Web page caption snippets:
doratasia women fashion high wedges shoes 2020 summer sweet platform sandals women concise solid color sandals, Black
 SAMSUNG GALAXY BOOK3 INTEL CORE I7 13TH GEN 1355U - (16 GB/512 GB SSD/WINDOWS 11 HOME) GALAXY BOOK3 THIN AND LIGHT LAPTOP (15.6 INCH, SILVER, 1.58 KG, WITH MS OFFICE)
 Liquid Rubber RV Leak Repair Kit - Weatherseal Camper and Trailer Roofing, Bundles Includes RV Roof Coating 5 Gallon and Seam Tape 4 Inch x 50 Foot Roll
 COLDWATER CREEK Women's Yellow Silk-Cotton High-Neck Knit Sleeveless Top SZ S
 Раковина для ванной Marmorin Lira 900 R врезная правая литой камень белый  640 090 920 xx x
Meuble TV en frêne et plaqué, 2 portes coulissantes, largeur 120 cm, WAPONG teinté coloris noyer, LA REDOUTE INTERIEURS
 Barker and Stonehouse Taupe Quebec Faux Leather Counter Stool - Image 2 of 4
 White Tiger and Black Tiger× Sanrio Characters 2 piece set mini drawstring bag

TO DO: Reproduce the lines from the one containing "Раковина для ванной" to the end of the entries, keeping both ends and adding nothing.

RESULT OF THE TASK:
 Раковина для ванной Marmorin Lira 900 R врезная правая литой камень белый  640 090 920 xx x
Meuble TV en frêne et plaqué, 2 portes coulissantes, largeur 120 cm, WAPONG teinté coloris noyer, LA REDOUTE INTERIEURS
 Barker and Stonehouse Taupe Quebec Faux Leather Counter Stool - Image 2 of 4
 White Tiger and Black Tiger× Sanrio Characters 2 piece set mini drawstring bag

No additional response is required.